The S&P 500 closed on Tuesday night almost exactly where it closed on May 9. There have been a number of sharp swings caused primarily by reactions to the U.S.-China trade dispute, but neither the bulls nor bears have been able to grab an advantage.
This is classic trading-range action, which can be lucrative for traders that have short timeframes and are very nimble. However, the choppiness can also be quite frustrating, particularly when volume is light and the action is driven by news headlines and computer algorithms.
The key to navigating this market is to maintain an open mind as to how the trading range may resolved itself. There has been a sharp increase in the number of market participants who are anticipating the formation of a major market top.

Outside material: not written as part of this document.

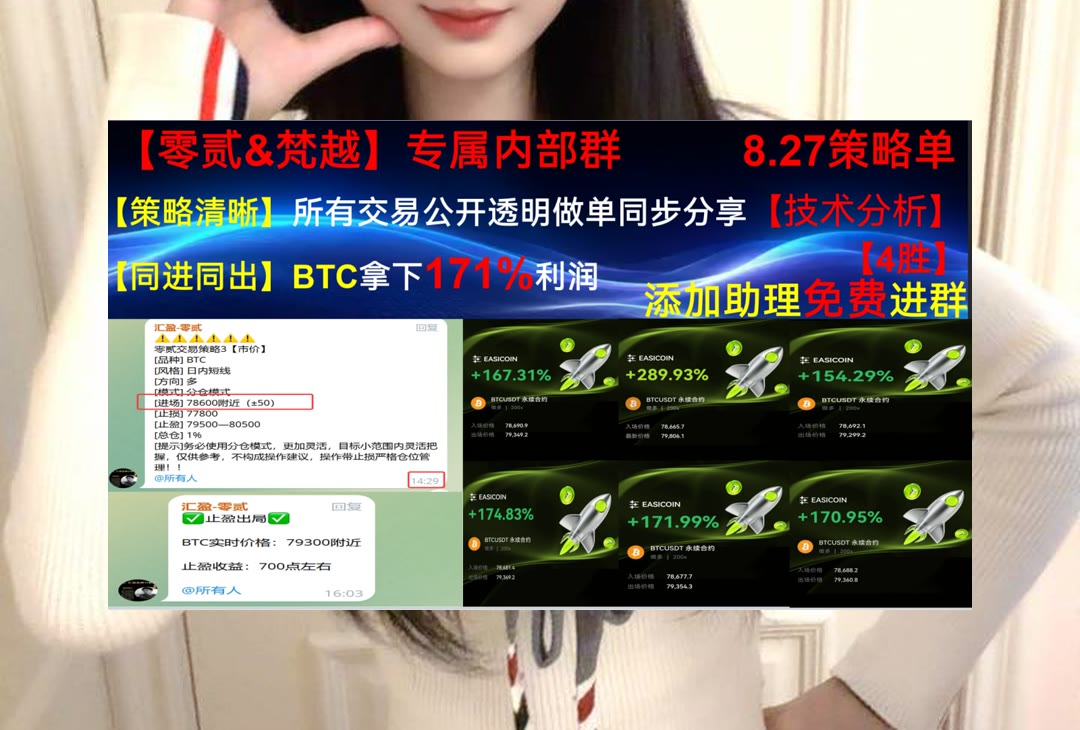 RobCadaretvx's tweet photo. Better late than never.
以太坊走势出现异动？速更市场观点与行情分析。技术指标🌓交易🌻分析🦊token2049
火星财经🦆漏洞赏金💄交易🐷波场
ETH 加密货币 OKX  免费合约跟单社区👉 @fzy988 👈 https://t.co/pPNf0duuiP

The bearish argument is quite easy to see. In addition to the trade war issues --- which likely will not be resolved for months -- there are signs of slowing growth, negative seasonality and a bull market that has already run far longer than seems reasonable to many.
The bulls have heard it all before and they still have a very friendly Fed on their side, which has proven to be the only thing that is needed to keep the market running higher. There are few signs of the sort of euphoria that leads to market tops but contrary thinking has been a tough way to time the market for a very long time.

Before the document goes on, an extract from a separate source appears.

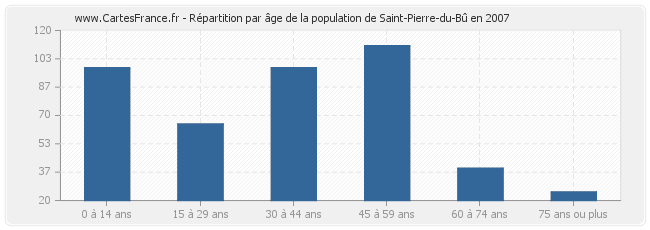 Répartition par âge de la population de Saint-Pierre-du-Bû en 2007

We don't really need to know who is right about where the market is heading from here. What we need to do is embrace the fact that there is this choppy trading range right now. The action will eventually resolve itself in one way or the other and when it does our job will be to embrace that action. It makes it much easier to do that if we don't have a pre-existing bias.

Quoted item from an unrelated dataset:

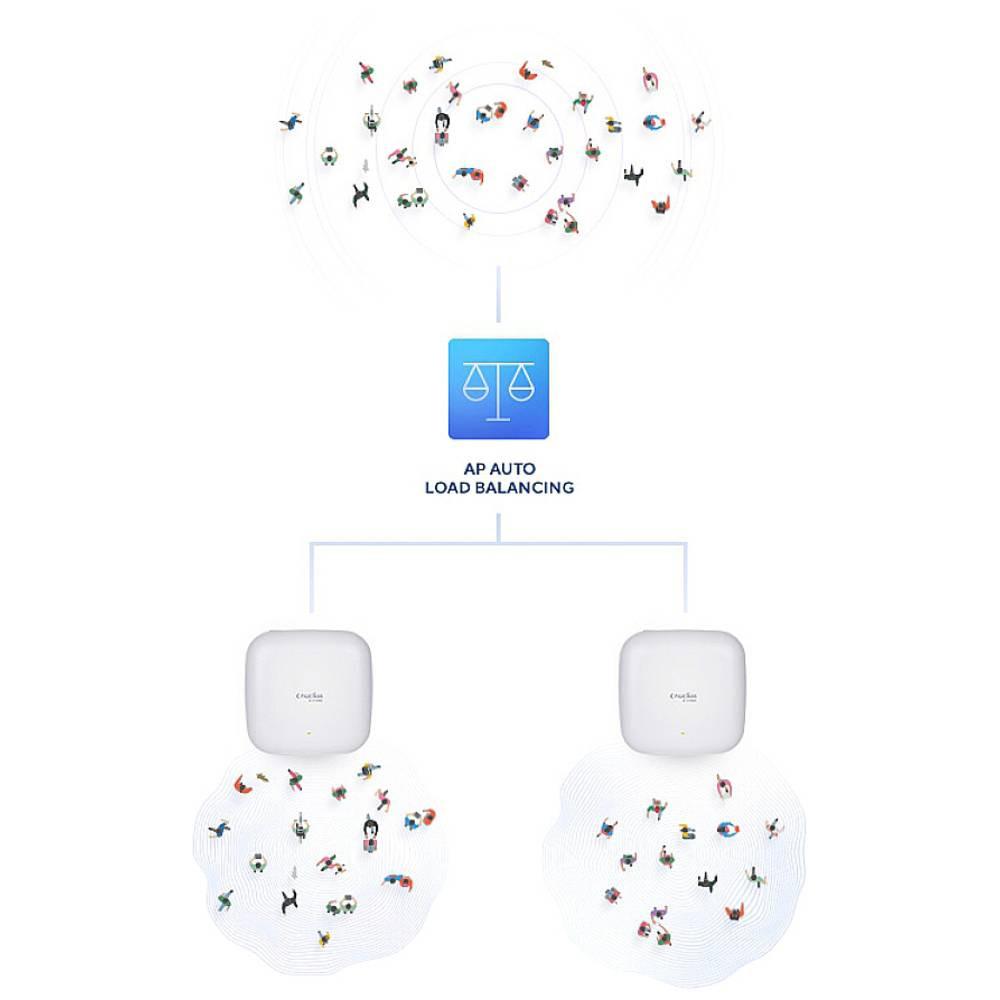 D-Link  Access point WLAN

Keep in mind that it is the job of the business media to try to create drama and excitement about what is going on in the market so that they can hold our attention. That doesn't mean that the market is particularly interesting to trade right now, though.
My game plan is to navigate this trading range action by picking off a few trades as they develop. I'm not going to formulate a grand bullish or bearish thesis. I'm simply going to try to make a little money while waiting to see how things resolve themselves. I don't want to be handicapped by making predictions that I hope will come true.
The indices are showing very minor losses in the early going. Retail continues to be a problem although Target (TGT) put up a good report Wednesday morning. The minutes of the last FOMC meeting will be issued later, which may generate some response but mostly it is the potential for new developments in the trade war between the U.S. and China that is the focus.